— Records to process —

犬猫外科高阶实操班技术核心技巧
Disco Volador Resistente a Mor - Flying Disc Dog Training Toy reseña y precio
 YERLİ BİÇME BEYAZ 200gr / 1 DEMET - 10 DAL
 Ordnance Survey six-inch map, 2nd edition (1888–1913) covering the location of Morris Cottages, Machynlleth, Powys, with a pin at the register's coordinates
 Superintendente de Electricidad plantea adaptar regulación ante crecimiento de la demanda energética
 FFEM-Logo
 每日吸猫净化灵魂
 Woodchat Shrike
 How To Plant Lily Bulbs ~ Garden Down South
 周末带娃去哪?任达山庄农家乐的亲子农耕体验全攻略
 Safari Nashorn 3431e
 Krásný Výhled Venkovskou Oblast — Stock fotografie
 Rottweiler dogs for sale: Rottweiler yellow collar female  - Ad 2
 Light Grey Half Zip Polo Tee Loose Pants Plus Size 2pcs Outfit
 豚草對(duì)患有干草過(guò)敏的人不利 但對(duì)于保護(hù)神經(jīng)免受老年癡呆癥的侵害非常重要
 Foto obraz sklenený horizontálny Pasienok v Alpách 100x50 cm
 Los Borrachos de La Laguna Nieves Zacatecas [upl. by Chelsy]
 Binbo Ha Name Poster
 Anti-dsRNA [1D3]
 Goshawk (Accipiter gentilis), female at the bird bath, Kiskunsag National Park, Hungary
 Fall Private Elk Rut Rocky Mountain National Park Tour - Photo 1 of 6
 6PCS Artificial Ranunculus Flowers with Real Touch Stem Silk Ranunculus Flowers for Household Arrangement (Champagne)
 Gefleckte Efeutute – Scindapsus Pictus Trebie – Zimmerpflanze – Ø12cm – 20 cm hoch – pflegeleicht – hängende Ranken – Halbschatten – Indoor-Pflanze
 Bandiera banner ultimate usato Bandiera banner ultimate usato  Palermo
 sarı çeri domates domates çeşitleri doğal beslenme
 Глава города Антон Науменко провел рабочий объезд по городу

— The task —
Return the full material exactly.

— Result of the exercise —
犬猫外科高阶实操班技术核心技巧
Disco Volador Resistente a Mor - Flying Disc Dog Training Toy reseña y precio
 YERLİ BİÇME BEYAZ 200gr / 1 DEMET - 10 DAL
 Ordnance Survey six-inch map, 2nd edition (1888–1913) covering the location of Morris Cottages, Machynlleth, Powys, with a pin at the register's coordinates
 Superintendente de Electricidad plantea adaptar regulación ante crecimiento de la demanda energética
 FFEM-Logo
 每日吸猫净化灵魂
 Woodchat Shrike
 How To Plant Lily Bulbs ~ Garden Down South
 周末带娃去哪?任达山庄农家乐的亲子农耕体验全攻略
 Safari Nashorn 3431e
 Krásný Výhled Venkovskou Oblast — Stock fotografie
 Rottweiler dogs for sale: Rottweiler yellow collar female  - Ad 2
 Light Grey Half Zip Polo Tee Loose Pants Plus Size 2pcs Outfit
 豚草對(duì)患有干草過(guò)敏的人不利 但對(duì)于保護(hù)神經(jīng)免受老年癡呆癥的侵害非常重要
 Foto obraz sklenený horizontálny Pasienok v Alpách 100x50 cm
 Los Borrachos de La Laguna Nieves Zacatecas [upl. by Chelsy]
 Binbo Ha Name Poster
 Anti-dsRNA [1D3]
 Goshawk (Accipiter gentilis), female at the bird bath, Kiskunsag National Park, Hungary
 Fall Private Elk Rut Rocky Mountain National Park Tour - Photo 1 of 6
 6PCS Artificial Ranunculus Flowers with Real Touch Stem Silk Ranunculus Flowers for Household Arrangement (Champagne)
 Gefleckte Efeutute – Scindapsus Pictus Trebie – Zimmerpflanze – Ø12cm – 20 cm hoch – pflegeleicht – hängende Ranken – Halbschatten – Indoor-Pflanze
 Bandiera banner ultimate usato Bandiera banner ultimate usato  Palermo
 sarı çeri domates domates çeşitleri doğal beslenme
 Глава города Антон Науменко провел рабочий объезд по городу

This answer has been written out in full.